Species of gastropod

Admete contabulata is a species of sea snail, a marine gastropod mollusk in the family Cancellariidae, the nutmeg snails.

==Description==
The length of the shell attains 12 mm, its diameter 4.5 mm.

(Original description in Latin) The shell is whitish, turrito-fusiform (tower-shaped and spindle-shaped). It has five whorls, which are angulated above, slightly swollen, and tabulated. The suture is slightly impressed. The spire is elongated, with an apex that is obtuse (blunt) and almost mammillary (nipple-shaped).

The aperture is oval, expanded, sharply rounded below, and it is equal to half the length of the shell. The columella is straight, with two slightly conspicuous folds (plicae). The siphonal canal is very short.
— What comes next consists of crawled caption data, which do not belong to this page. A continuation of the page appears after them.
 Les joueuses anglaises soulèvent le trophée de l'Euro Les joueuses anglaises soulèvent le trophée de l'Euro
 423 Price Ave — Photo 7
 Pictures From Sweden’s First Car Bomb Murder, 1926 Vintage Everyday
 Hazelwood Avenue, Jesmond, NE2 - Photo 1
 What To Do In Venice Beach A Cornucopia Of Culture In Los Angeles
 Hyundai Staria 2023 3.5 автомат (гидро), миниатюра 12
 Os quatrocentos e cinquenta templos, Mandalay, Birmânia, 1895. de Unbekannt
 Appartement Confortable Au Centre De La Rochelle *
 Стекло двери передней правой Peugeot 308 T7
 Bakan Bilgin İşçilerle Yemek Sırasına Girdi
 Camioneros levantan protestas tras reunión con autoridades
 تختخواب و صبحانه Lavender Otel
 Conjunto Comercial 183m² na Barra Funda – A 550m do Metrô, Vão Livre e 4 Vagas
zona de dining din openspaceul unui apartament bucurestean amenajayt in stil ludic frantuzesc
The sculpture is spirally costulate (having small spiral ribs). These ribs, which number 16 on the body whorl, extend to the keel that encircles the uppermost part of the whorls. Above, the surface is now smooth, now furnished with one or two inconspicuous ribs.
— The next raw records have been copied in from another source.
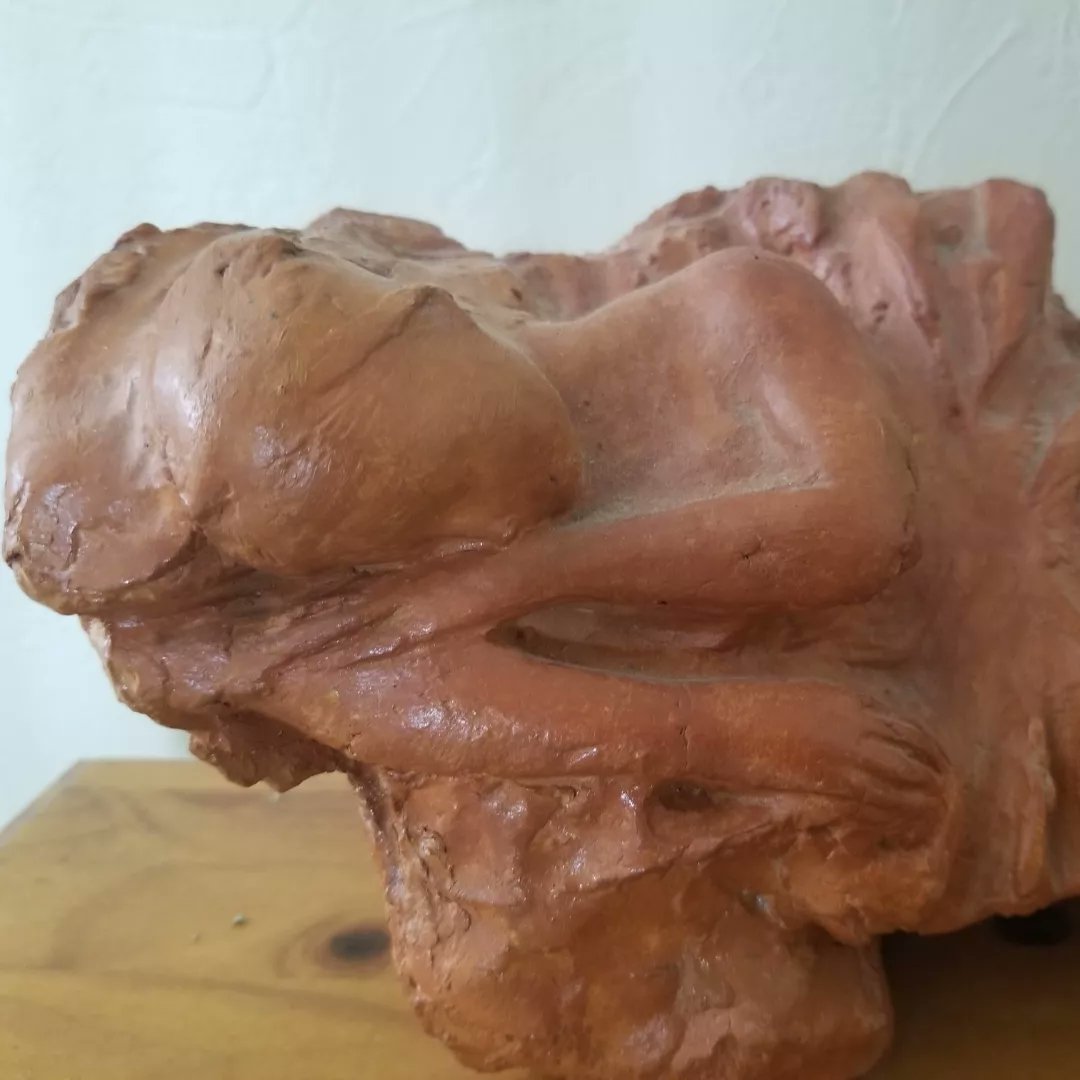 AssCulArt_VIOR's tweet photo. Ballerina dormiente/Sleeping ballerina.

Terracotta 36cm x 14cm
Year unknown

#ballerina #dormiente #sleeping #terracotta #statua #statue #collezione #privatecollection #artwork https://t.co/1IBB50ZN75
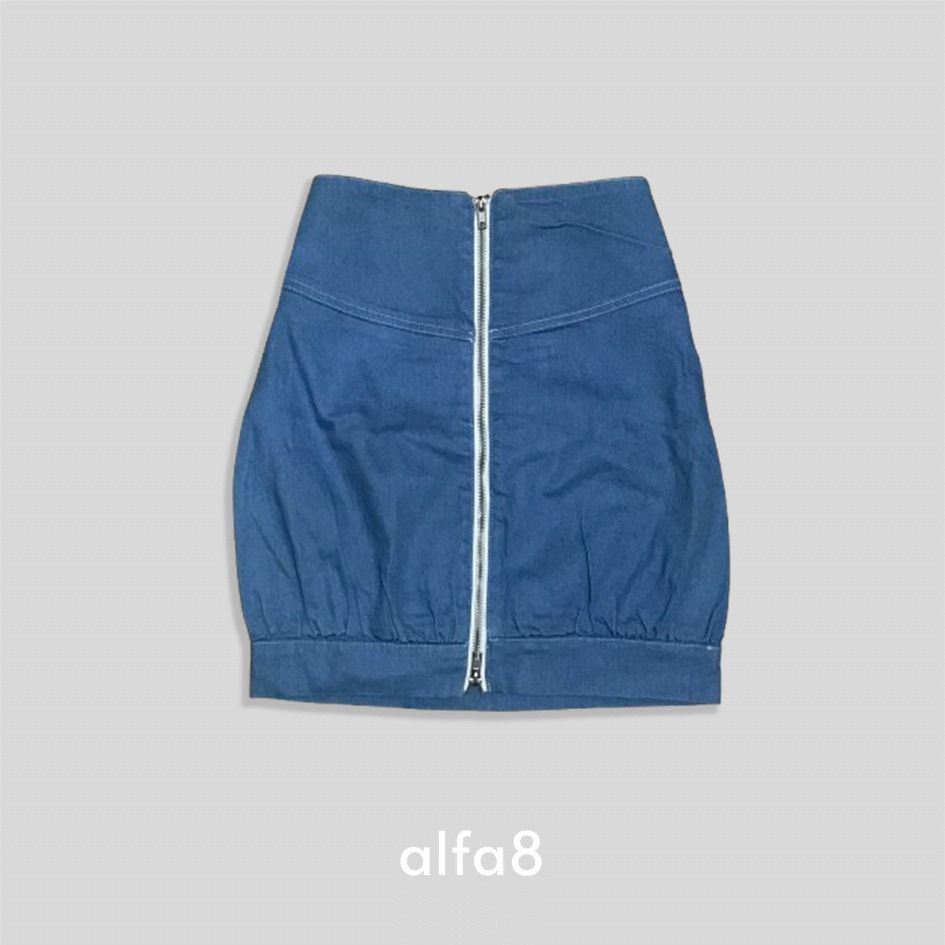 (S) Lower Denim Skirt Size S (Category: Skirts) located in Imus. Submitted by alfa_8 (Listing ID 1463280152, Image 1). Description: - Brand: Lower - Type: Blue Denim Skirt - Size: S - Closure: Zip front - Hem: Elasticated - Style: Casual wear.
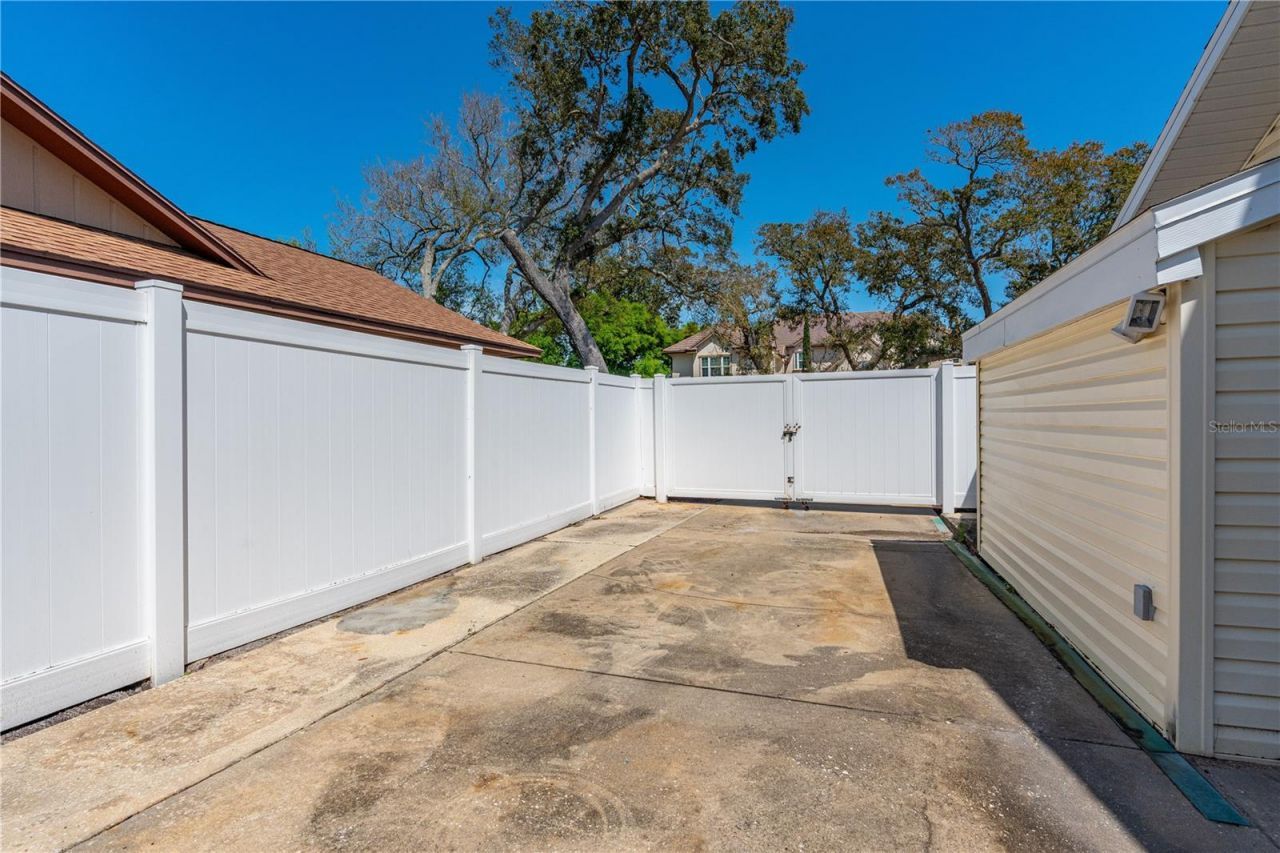 1500 Oak Forest Drive , Ormond Beach, FL 32174 Photo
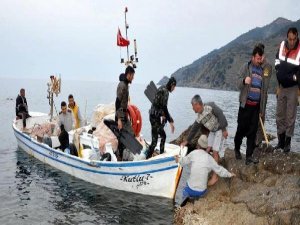 DENİZDE ERKEK CESEDİ BULUNDU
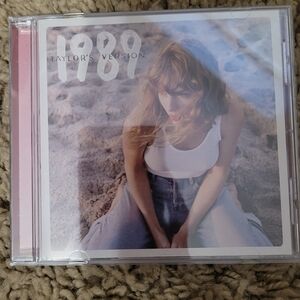1989 Taylor's Version Deluxe CD with Polaroids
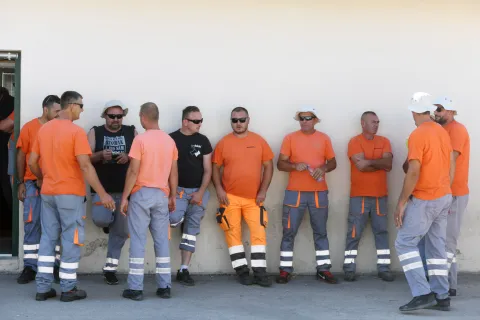 18.07.2023., Sibenik - Zbog nepostivanja dogovora oko isplata placa radnici Cesta d.o.o Sibenik obustavili rad. Photo: Hrvoje Jelavic/PIXSELL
On the two middle whorls, there are oblique longitudinal folds, which are nodose (knobbed) around the keel, but these vanish on the body whorl. The primary whorls are convex, smooth, and shining.

(A later description)The shell is conical with 4-5 whorls on the shoulder with a deep suture. Spiral sculpture has frequent cords which are narrow. There can be 20 cords beneath the shoulder.

==Distribution==
This marine species occurs off Svalbard, Norway and off Murmansk, Russian Federation.